### [Recorded data]
:::::

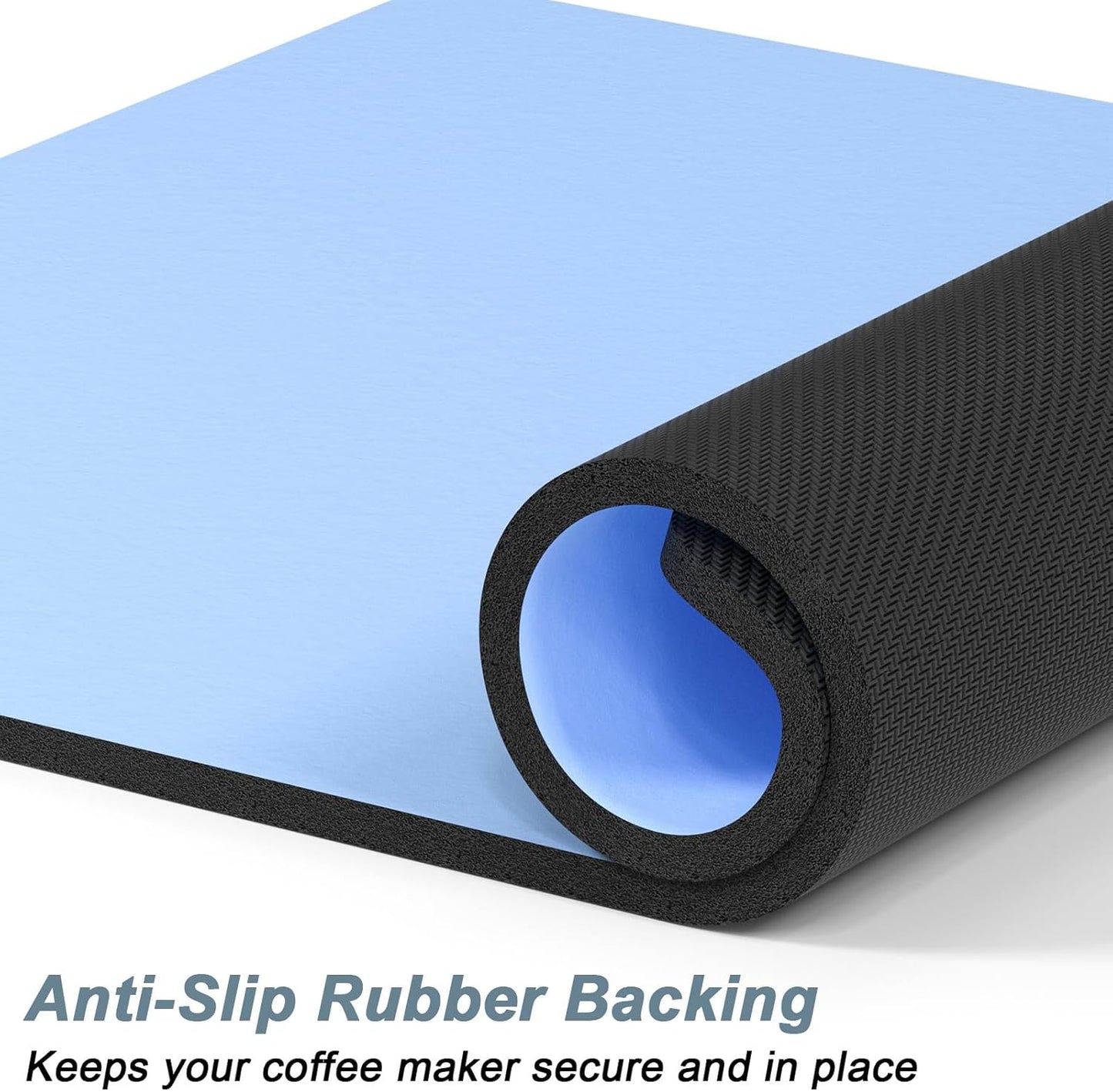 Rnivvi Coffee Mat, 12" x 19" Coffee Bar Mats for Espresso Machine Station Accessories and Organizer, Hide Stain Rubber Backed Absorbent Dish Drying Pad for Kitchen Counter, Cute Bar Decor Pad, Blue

:::::

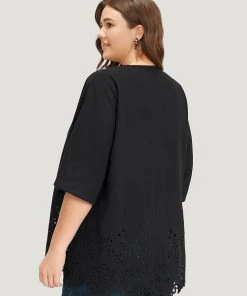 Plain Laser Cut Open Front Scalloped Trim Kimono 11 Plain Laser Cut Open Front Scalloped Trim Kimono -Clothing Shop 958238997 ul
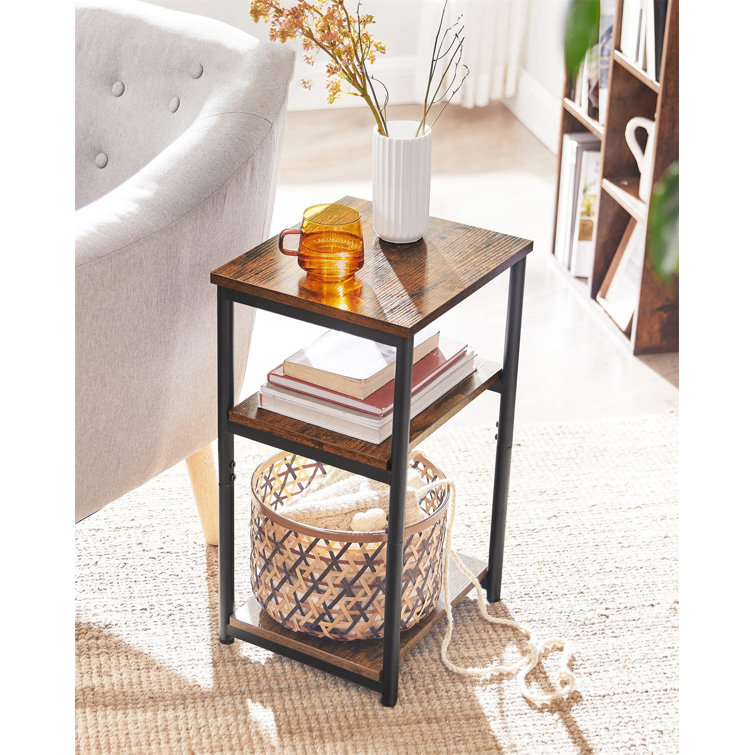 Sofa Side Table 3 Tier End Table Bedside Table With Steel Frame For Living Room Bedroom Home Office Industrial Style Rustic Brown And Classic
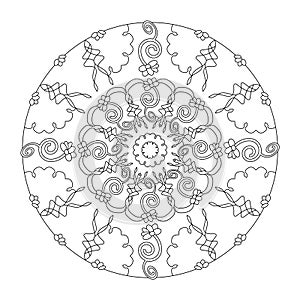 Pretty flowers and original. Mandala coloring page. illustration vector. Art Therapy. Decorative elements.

:::::

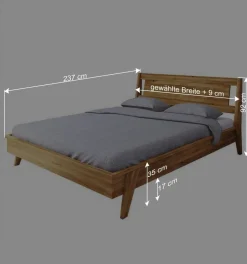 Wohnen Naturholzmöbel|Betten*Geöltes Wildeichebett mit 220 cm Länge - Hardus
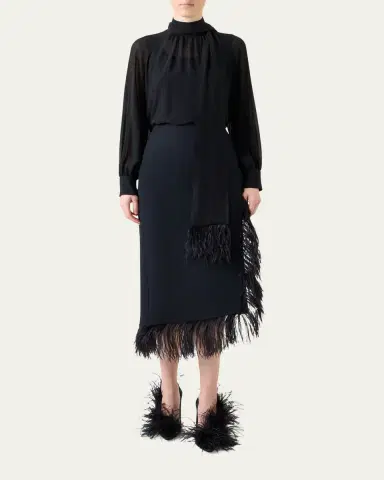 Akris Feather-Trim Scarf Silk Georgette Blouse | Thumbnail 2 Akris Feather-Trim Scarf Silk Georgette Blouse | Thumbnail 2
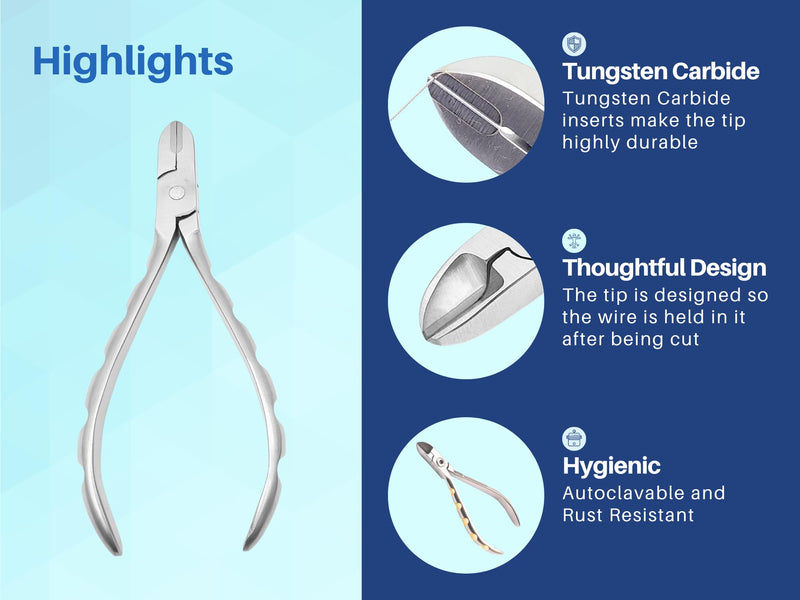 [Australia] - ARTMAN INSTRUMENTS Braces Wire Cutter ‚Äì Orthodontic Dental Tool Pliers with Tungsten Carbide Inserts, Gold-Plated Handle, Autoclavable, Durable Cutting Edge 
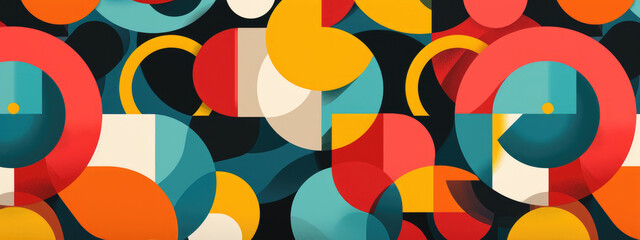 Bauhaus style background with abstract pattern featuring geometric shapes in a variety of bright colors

:::::

### [Exercise instructions]
Only the lines above starting with the line with "Wohnen Naturholzmöbel|Betten*Geöltes Wildeichebett" and going on through the line with "Bauhaus style background" belong in the answer; repeat them exactly, minus any picture.

### [Answer to this task]
 Wohnen Naturholzmöbel|Betten*Geöltes Wildeichebett mit 220 cm Länge - Hardus
 Akris Feather-Trim Scarf Silk Georgette Blouse | Thumbnail 2 Akris Feather-Trim Scarf Silk Georgette Blouse | Thumbnail 2
 [Australia] - ARTMAN INSTRUMENTS Braces Wire Cutter ‚Äì Orthodontic Dental Tool Pliers with Tungsten Carbide Inserts, Gold-Plated Handle, Autoclavable, Durable Cutting Edge 
 Bauhaus style background with abstract pattern featuring geometric shapes in a variety of bright colors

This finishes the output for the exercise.